The two dot position groups adjacent to each other, i.e., the first group 40 a and the second group 40 b and the second group 40 b and the third group 40 c, are in contact with each other. Specifically described, as illustrated in FIG. 2, the circumscribed circle of the four dot positions 30 a of the first group 40 a and the inscribed circle of the eight dot positions 30 b of the second group 40 b overlap each other, and the circumscribed circle of the eight dot positions 30 b of the second group 40 b and the inscribed circle of the twelve dot positions 30 c of the third group 40 c overlap each other.
In each of the dot position groups 40, the dot positions 30 in each of the groups have different individual information pieces depending on where the dot positions 30 are located relative to a reference line L, which connects the center mark 22 with the reference mark 24. Specifically described, in this embodiment, the numbers 0, 1, 2, 3 as the individual information pieces are respectively assigned to the dot positions in the first group 40 a in a clockwise direction from the dot position on the reference line L, the numbers 0, 1, 2, 3, 4, 5, 6, and 7 are assigned to the dot positions in the second group 40 b in a clockwise direction from the dot position on the reference line L, and the numbers 0, 1, 2, 3, 4, 5, 6, 7, 8, and 9, and the alphabets A and B are assigned to the dot positions in the third group 40 c in a clockwise direction from the dot position on the reference line L.

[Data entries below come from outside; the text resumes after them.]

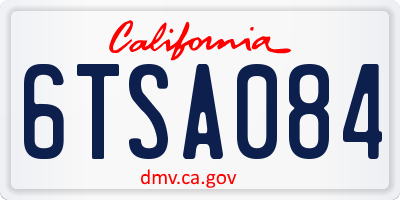 CA license plate 6TSA084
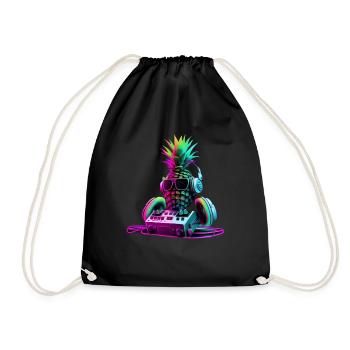 EDM Music Rave Festival Pineapple Techno - Drawstring Bag - black - Front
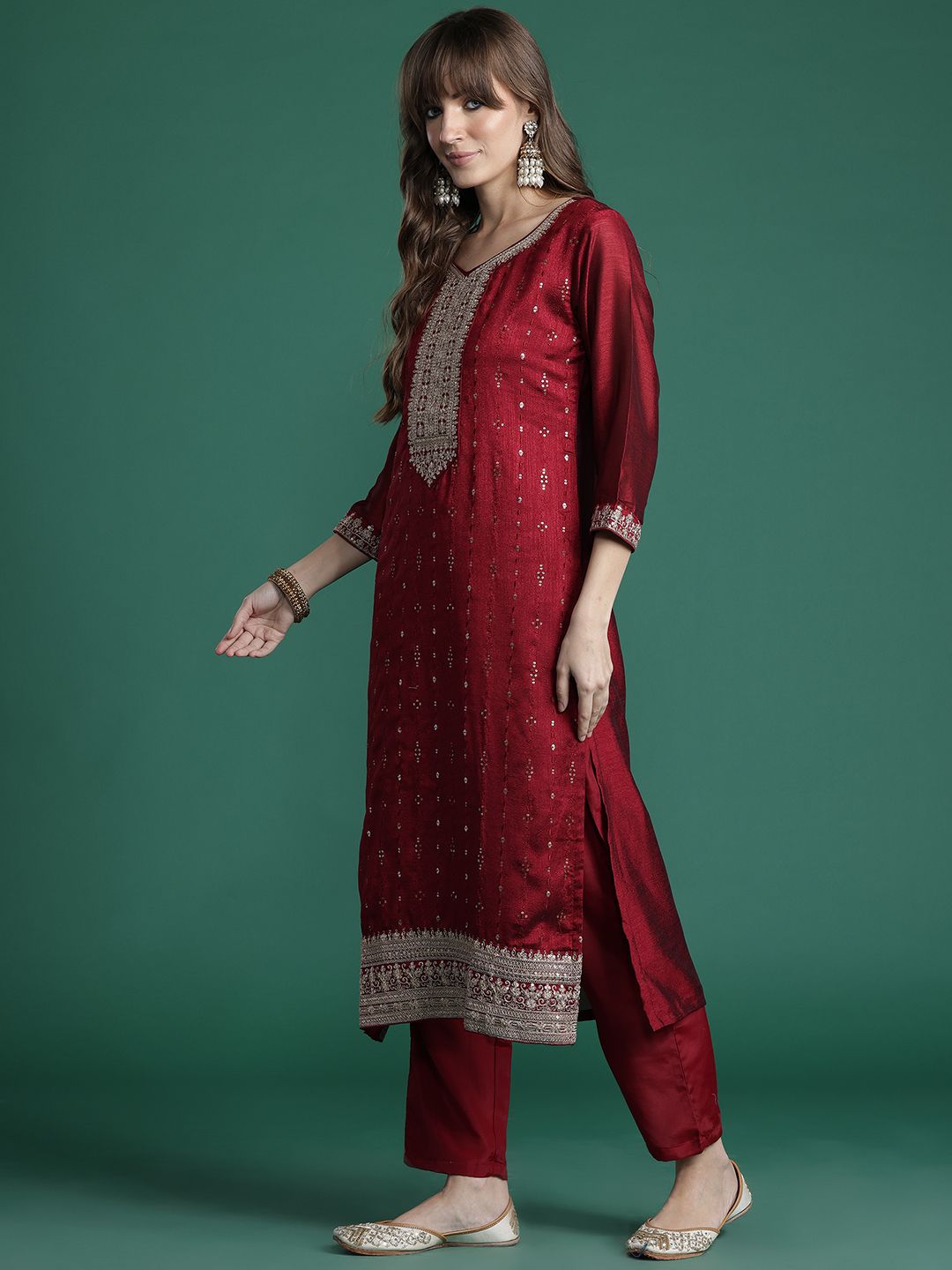 Embroidered Straight Kurta Trousers With Dupatta Set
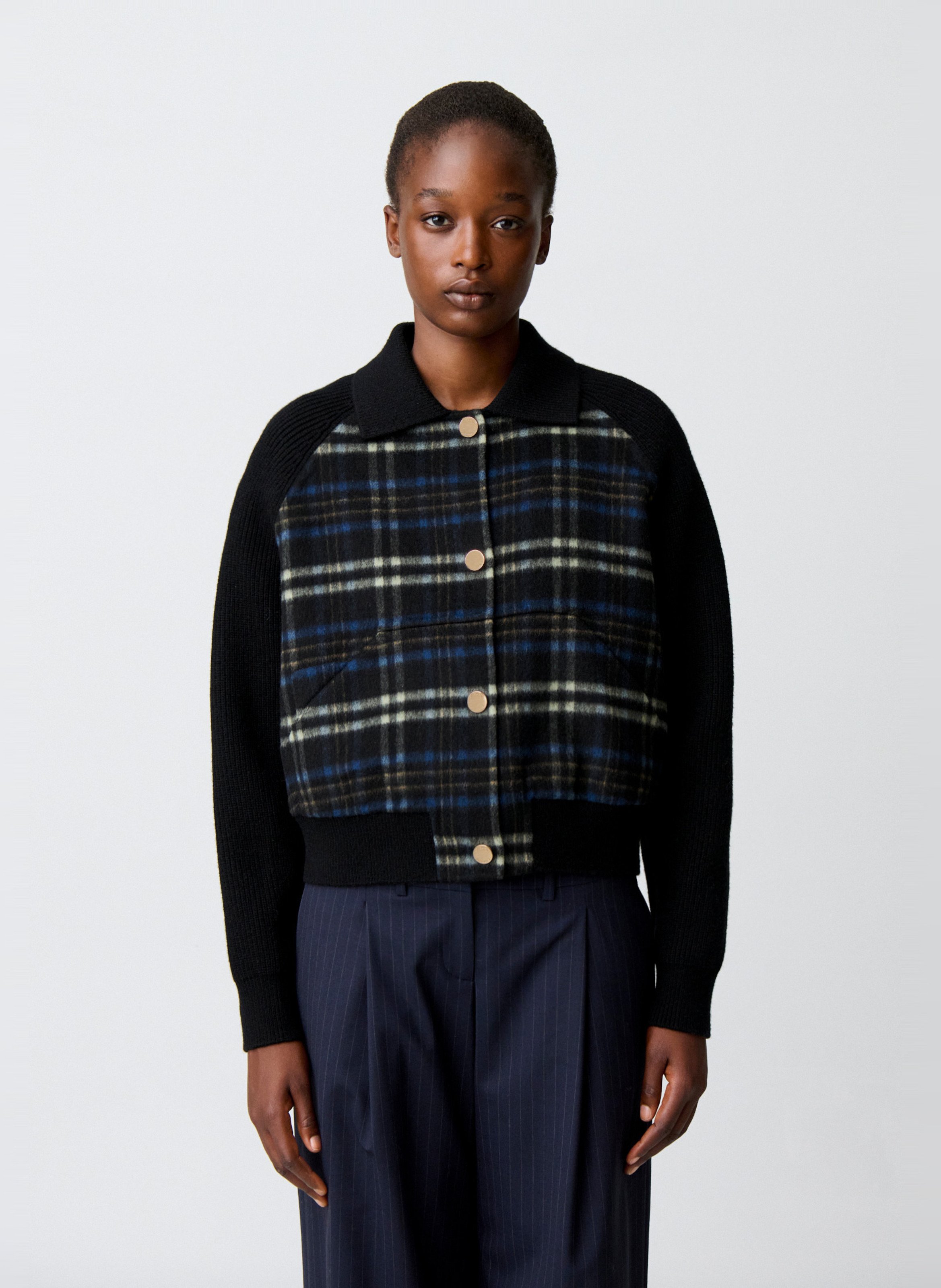 Blouson bi-matière en laine mélangé CLAUDIE PIERLOT Multicolore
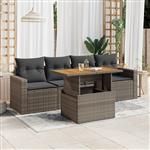 vidaXL 5-delige Loungeset met kussens poly rattan grijs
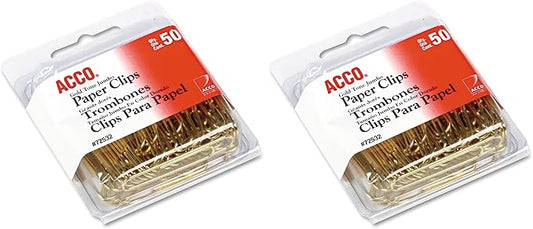 ACCO Paper Clips, Jumbo, Smooth, Gold, 50 Clips/Box (72532) (Pack of 2)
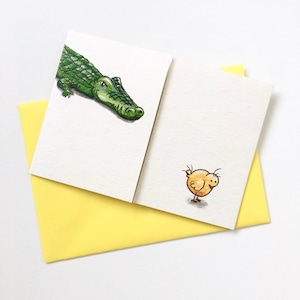 グリーティングカード「ワニとひよこ」｜Flap Card "Crocodile and chick"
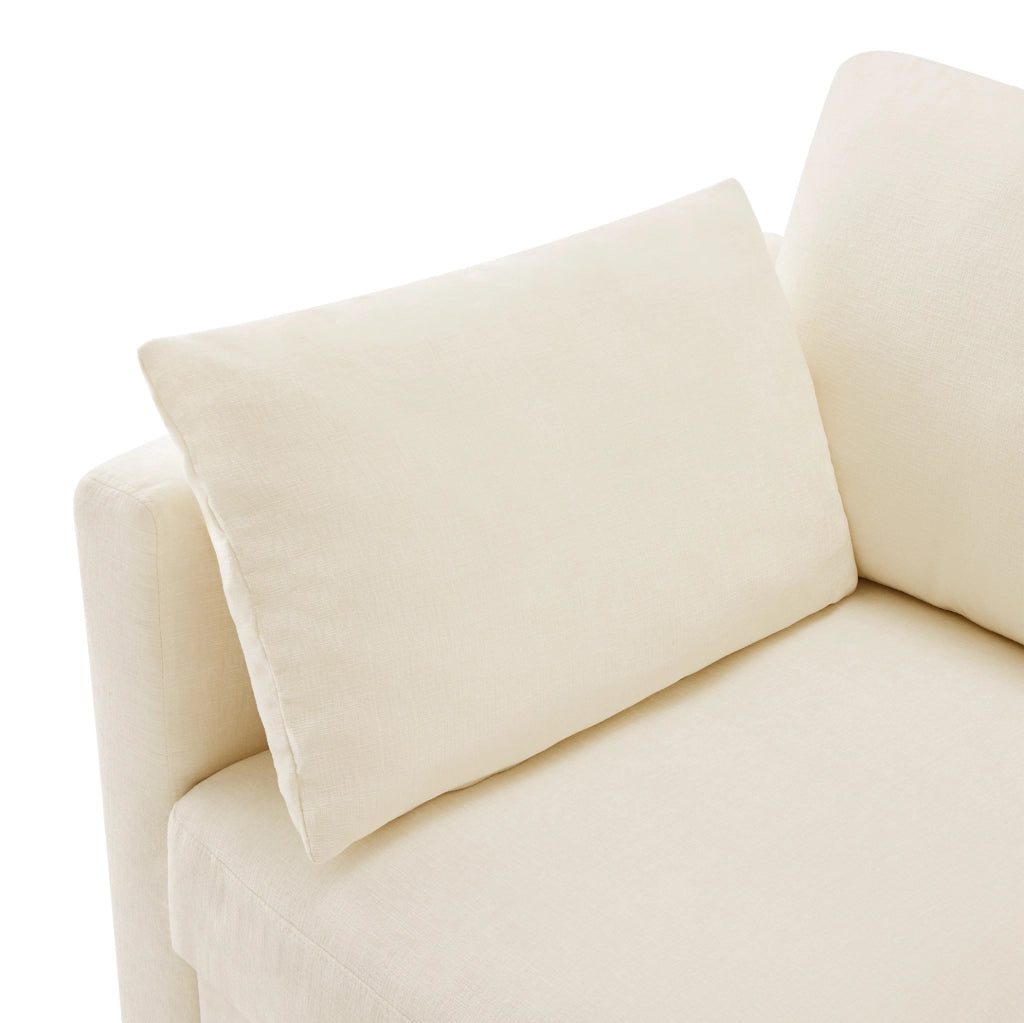 Divano angolare modulare 3 posti con pouf; in tessuto chenille beige; 218x156;5x86 cm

The first, second, and third groups 40 a, 40 b, and 40 c each have the dot 20 at only one of the dot positions 30. The dots 20 are provided on the completed liquid crystal panel 12. For example, the dots are provided by singeing or tarnishing a surface of a metal film 48, which has been formed on the array substrate 16 in advance for code printing, with a laser, for example.
In this embodiment, the dot position 30 a corresponding to “0” is selected from the first group 40 a and a dot 20 a is positioned at the selected dot position 30 a, the dot position 30 b corresponding to “1” is selected from the second group 40 b and a dot 20 b is positioned at the selected dot position 30 b, and the dot position 30 c corresponding to “3” is selected from the third group 40 c and a dot 20 c is positioned at the selected dot position 30 c. In the identification code 10, the individual information “0” represented by the first group 40 a is the individual information piece for the first digit, the individual information “1” represented by the second group 40 b is the individual information piece for the second digit, and the individual information “3” represented by the third group 40 c is the individual information piece for the third digit. In other words, the number of dot position groups in the identification code 10 is the same as the number of digits, and the identification code 10 represents “013” as the identification number. The identification code 10 has a total of 384(=4×8×12) possible choices, because the first digit has four choices, the second digit has eight choices, and the third digit has twelve choices.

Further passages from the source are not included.